I’m going to spend the day looking at the results. But here’s what I understand to have happened:

  • Hillary won African-Americans, but not by as much as she had in the south. That’s probably consistent with MA’s results, the exit poll for which didn’t break down people of color, but as far as I know no one did the granular analysis of the MA results to figure that out.
  • MI’s Muslims voted for the elderly Polish Jew, by wide margins. That’s not a huge population, but it is big enough to have accounted for much of the differential between Hillary and Bernie. Keith Ellison, one of Sanders’ few Congressional backers, has close ties to the Muslim community here in MI and did some events for him in the last week.
  • Independents turned out in big numbers, and they voted for Sanders by big margins. MI has a completely open voting process, which means independents — who might normally be considered less likely primary voters — can (and apparently did) turn out in big numbers. I suspect, though haven’t yet confirmed it, that support for Bernie outside of SE MI was much higher in terms of numbers; usually when people analyze Democratic contests in this state they just blow off the areas outside of SE MI, because the latter is such a population center of Democratic voters. That may be what pollsters missed. Update: Adding, the Democratic party in my part of the state is pretty dysfunctional, even though there’s a population that should be turning increasingly Democratic. This is where Bernie picked up the numbers to offset Hillary’s SE MI numbers. That suggests he basically created a Democratic infrastructure that doesn’t exist (as Chris Savage pointed out, Bernie set up offices here and in other cities so had more field organizers throughout the state, save Detroit, than Hillary).
  • Students voted, and not just in Ann Arbor.
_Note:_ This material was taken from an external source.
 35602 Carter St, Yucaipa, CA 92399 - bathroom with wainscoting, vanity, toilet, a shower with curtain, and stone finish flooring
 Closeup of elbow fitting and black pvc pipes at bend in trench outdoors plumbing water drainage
Because of the way they suppress student turnout, University of Michigan is the school at which it is hardest for college students to vote (because they’re more likely to be out of state and/or from all over the state, which means if there’s a registration problem they’ll have harder time going “home” to vote). Bernie did events at EMU, MSU, GVSU, and only then U of M, and while those students are more likely to be dispersed than UM students, they appear to have turned out. Bernie continued to win young people by enormous margins.
  • Hillary underperformed in the rich suburbs. Hillary only won Oakland County, which is the second largest county and is the kind of affluent county Hillary has done really well in this year, by about 4.6%. I thought she’d win by 5 to 7%. I’m not sure why that is — again, it’s always possible cross-over voting is affecting the Democratic side. But had she gotten the numbers in Oakland I would have expected she likely would have won the state. The same is true of Detroit, but turnout in Detroit is less reliable than in Oakland.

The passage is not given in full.